He is a Professor of International Law at Tsinghua University School of Law in Beijing, China. Prior to joining the faculty at Tsinghua Law School, he taught in the Department of Law at Peking University.
He served as Co-Chief Editor for the Chinese Yearbook of International Law and Vice President of the Chinese Society of International Law. He is widely published in both the English and Chinese languages.
Ruth Okediji
Course: International Intellectual Property and Development
Ruth L. Okediji is the William L. Prosser Professor of Law at the University of Minnesota Law School, where she teaches copyright, trademarks, contracts and international intellectual property law. In 2013 she was awarded the Stanley V. Kinyon Award for best tenured professor at the Law School. She is an internationally renowned expert on the relationship between developing and developed countries in the international intellectual property system, and on development issues related to the harmonization of intellectual property rights. She has written, lectured and published extensively on these topics in leading national and international legal journals. Her books Patent Law in Global Perspective (co-authored with Margo Bagley) and International Patent Law and Policy (co-authored with Margo Bagley and Jay Erstling) were published in 2013 by Oxford University Press and West Publishing respectively. Professor Okediji is also co-author of the leading copyright casebook Copyright in a Global Information Economy (with Cohen, Loren & O’Rourke, Aspen).
Professor Okediji has served on national committees and as an expert with several inter-governmental organizations. From 2011-2012, she was a member of the U.S. National Academies Science, Technology and Policy Committee on the Impact of Copyright Policy on Innovation in the Digital Era.

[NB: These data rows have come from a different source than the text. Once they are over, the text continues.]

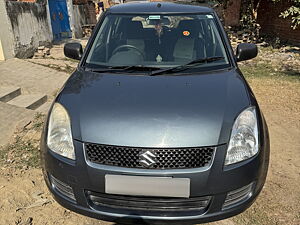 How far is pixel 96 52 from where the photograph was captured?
9.62 ft

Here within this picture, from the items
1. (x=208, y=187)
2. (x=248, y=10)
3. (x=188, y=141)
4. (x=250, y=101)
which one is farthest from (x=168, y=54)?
(x=248, y=10)

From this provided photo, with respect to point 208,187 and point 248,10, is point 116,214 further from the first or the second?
point 248,10

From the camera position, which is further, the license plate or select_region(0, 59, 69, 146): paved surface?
select_region(0, 59, 69, 146): paved surface

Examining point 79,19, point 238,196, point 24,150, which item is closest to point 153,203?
point 238,196

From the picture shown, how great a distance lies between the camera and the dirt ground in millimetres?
2424

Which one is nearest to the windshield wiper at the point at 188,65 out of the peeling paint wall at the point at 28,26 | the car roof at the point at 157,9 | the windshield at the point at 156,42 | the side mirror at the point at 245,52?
the windshield at the point at 156,42

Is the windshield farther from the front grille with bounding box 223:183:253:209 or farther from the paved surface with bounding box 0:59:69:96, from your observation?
the paved surface with bounding box 0:59:69:96

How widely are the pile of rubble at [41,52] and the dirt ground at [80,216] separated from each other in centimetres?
497

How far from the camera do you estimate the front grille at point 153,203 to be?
6.22 ft

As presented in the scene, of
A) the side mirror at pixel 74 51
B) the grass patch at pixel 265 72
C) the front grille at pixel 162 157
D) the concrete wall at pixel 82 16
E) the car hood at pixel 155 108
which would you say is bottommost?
the grass patch at pixel 265 72

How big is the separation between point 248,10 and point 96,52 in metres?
10.7

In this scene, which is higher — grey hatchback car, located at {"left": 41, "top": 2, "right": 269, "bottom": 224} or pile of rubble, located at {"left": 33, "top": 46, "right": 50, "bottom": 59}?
grey hatchback car, located at {"left": 41, "top": 2, "right": 269, "bottom": 224}

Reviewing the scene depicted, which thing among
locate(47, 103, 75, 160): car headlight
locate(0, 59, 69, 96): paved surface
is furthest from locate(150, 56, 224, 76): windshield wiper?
locate(0, 59, 69, 96): paved surface

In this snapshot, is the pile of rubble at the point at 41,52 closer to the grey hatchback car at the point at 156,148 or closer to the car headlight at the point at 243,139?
the grey hatchback car at the point at 156,148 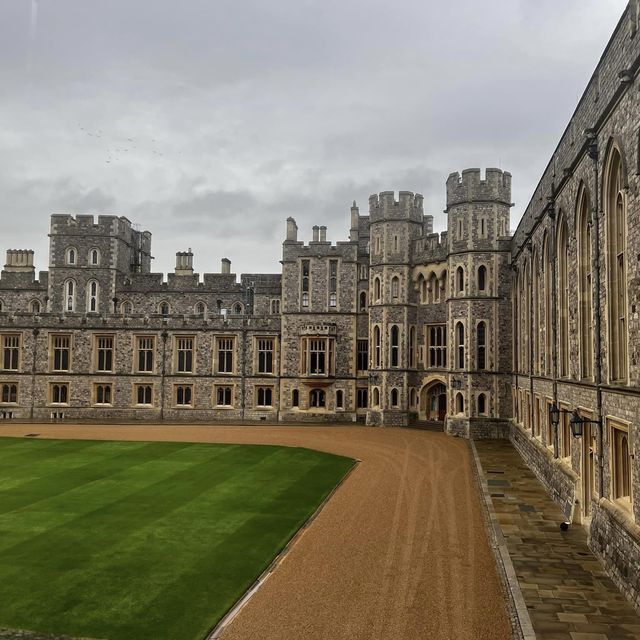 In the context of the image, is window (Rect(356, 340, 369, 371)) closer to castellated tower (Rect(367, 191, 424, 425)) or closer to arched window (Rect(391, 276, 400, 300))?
castellated tower (Rect(367, 191, 424, 425))

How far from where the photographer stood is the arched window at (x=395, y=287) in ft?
118

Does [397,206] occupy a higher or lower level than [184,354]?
higher

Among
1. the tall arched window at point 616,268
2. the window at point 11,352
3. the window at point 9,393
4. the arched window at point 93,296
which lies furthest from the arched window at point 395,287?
the window at point 9,393

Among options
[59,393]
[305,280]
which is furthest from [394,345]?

In 2013, she was the Lead Expert Negotiator for the Government of Nigeria at the Diplomatic Conference to Conclude a Treaty to Facilitate Access to Published Works by Visually Impaired Persons and Persons with Print Disabilities. Professor Okediji has also served as an expert for the United Nations Development Program’s (UNDP) flagship project on Innovation, Culture, Biogenetic Resources, and Traditional Knowledge, and the United Nations Conference on Trade and Development (UNCTAD)-ICTSD Capacity Building Project on Intellectual Property Rights and Sustainable Development. She has led expert teams on technical assistance projects in Sub-Saharan Africa and the Caribbean, including serving as a TRIPS Advisor to member countries in the South African Development Cooperation (SADC) under the auspices of the Commercial Law Development Program, U.S. Department of Commerce.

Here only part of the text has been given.